2014 graphic novel by Mariko and Jilian Tamaki

This One Summer is a graphic novel written by Mariko Tamaki and illustrated by Jillian Tamaki published by First Second Books in 2014. It is a coming of age story about two teenage friends, Rose and Windy, during a summer in Awago, a small beach town. Rose and Windy discover themselves and their sexuality while battling family dynamics and mental disabilities.
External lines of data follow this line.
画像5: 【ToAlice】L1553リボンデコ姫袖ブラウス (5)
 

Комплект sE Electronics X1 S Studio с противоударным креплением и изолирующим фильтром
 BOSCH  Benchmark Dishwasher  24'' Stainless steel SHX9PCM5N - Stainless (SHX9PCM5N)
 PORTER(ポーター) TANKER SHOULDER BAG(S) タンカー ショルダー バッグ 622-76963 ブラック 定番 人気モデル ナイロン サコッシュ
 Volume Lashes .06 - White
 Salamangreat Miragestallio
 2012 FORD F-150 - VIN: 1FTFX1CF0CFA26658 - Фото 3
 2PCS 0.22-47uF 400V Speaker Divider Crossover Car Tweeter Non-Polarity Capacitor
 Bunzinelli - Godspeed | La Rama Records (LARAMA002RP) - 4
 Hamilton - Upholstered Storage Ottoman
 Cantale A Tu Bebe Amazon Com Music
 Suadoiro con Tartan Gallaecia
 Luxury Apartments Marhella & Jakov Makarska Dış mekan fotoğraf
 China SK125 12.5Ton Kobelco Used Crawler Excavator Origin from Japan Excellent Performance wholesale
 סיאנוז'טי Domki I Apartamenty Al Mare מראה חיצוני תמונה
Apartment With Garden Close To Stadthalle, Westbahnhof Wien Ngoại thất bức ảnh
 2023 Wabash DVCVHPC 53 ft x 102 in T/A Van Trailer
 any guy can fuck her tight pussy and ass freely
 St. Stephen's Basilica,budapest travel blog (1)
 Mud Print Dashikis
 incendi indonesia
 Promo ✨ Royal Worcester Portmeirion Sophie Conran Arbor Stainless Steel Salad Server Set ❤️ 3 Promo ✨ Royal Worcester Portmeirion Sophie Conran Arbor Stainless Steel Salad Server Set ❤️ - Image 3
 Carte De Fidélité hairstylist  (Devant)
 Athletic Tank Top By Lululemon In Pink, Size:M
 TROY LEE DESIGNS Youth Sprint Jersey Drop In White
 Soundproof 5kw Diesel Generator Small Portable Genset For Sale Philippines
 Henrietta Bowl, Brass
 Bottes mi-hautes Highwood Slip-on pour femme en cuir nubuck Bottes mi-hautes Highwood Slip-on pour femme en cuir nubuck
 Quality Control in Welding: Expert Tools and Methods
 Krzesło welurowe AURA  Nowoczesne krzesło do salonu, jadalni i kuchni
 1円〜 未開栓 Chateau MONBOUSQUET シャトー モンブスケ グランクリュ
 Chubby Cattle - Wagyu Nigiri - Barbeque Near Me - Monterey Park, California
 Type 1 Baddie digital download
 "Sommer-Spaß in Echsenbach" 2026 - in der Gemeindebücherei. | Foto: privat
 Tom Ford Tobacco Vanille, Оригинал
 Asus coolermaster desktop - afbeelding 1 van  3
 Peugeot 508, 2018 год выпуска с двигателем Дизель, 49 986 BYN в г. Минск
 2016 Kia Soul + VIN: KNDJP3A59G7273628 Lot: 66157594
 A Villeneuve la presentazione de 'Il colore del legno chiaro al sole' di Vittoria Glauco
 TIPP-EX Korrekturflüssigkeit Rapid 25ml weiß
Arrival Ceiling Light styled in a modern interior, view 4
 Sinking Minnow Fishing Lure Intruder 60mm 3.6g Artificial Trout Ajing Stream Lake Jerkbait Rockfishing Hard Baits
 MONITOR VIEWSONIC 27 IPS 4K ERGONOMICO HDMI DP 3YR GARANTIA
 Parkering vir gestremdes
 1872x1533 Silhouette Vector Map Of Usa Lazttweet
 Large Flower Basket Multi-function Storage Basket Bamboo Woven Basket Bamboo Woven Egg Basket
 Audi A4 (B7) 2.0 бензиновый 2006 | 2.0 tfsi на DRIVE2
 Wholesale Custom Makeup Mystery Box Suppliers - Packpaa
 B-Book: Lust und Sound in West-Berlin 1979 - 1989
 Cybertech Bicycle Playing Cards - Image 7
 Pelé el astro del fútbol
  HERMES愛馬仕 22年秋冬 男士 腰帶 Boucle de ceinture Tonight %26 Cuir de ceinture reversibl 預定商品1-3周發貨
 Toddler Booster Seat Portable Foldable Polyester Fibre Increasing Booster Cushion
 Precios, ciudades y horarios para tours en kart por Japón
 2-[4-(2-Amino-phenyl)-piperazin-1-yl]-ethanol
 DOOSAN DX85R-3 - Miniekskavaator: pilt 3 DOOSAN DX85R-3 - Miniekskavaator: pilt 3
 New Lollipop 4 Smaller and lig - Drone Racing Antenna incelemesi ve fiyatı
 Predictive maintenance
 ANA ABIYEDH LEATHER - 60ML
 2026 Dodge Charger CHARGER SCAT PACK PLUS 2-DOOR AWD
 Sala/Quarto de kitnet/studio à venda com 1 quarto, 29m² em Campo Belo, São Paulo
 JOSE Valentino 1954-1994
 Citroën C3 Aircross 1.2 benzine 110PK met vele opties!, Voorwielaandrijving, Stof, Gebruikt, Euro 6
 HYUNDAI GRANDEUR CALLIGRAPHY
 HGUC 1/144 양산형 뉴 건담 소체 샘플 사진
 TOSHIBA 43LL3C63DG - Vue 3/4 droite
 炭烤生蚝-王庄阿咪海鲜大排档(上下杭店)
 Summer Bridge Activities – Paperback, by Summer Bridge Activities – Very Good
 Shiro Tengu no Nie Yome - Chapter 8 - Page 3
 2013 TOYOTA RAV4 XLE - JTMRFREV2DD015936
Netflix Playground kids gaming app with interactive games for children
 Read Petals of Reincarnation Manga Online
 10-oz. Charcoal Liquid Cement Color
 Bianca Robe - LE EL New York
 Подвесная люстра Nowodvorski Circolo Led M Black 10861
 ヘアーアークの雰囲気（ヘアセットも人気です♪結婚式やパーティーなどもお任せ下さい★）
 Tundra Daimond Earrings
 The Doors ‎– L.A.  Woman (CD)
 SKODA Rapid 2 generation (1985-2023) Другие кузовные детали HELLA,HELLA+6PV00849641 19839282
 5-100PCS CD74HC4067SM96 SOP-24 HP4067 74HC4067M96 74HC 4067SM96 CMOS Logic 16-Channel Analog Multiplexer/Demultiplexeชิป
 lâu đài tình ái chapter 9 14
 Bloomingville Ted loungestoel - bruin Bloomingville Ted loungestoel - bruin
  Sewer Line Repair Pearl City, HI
Due to the content in the novel, This One Summer has also been censored and listed on the American Library Association's "Top Ten Most Challenged Books" list in 2016 and 2018 for the use of its sexual scenes and mature topics. The novel has also won numerous awards including a Caldecott Honor in 2015. In 2023, a film adaptation was released starring Rose Pou-Pellicer, Juliette Havelange, Marina Foïs, Gael García Bernal, Chiara Mastroianni and directed by Éric Lartigau.

== Background ==
The author of This One Summer, Mariko Tamaki, decided to begin her writing career when she was writing essays for Kiss Machine. While on tour for Kiss Machine, she met a woman making a short comic book series who inspired her to begin the novel, Skim. Skim was eventually selected by a young adult publisher and thus began Mariko's profession as a young adult novelist. Throughout each of her pieces of literature, author and feminist Mariko Tamaki finds equity and representation important for her works as seen in Skim and (You) Set Me on Fire. Both of these novels contain Asian protagonists, which she found important because "there are diverse experiences of race" and she wanted other young Asians to grow up with more novels to read about young Asian girls rather than just Obasan. Mariko's cousin and illustrator of This One Summer, Jillian Tamaki, has also worked on previous novels with her including Skim. Jillian Tamaki also understands the importance of diversity and setting a "positive example" of race and gender because it is "not [her] interest to do any of that pedantic stuff."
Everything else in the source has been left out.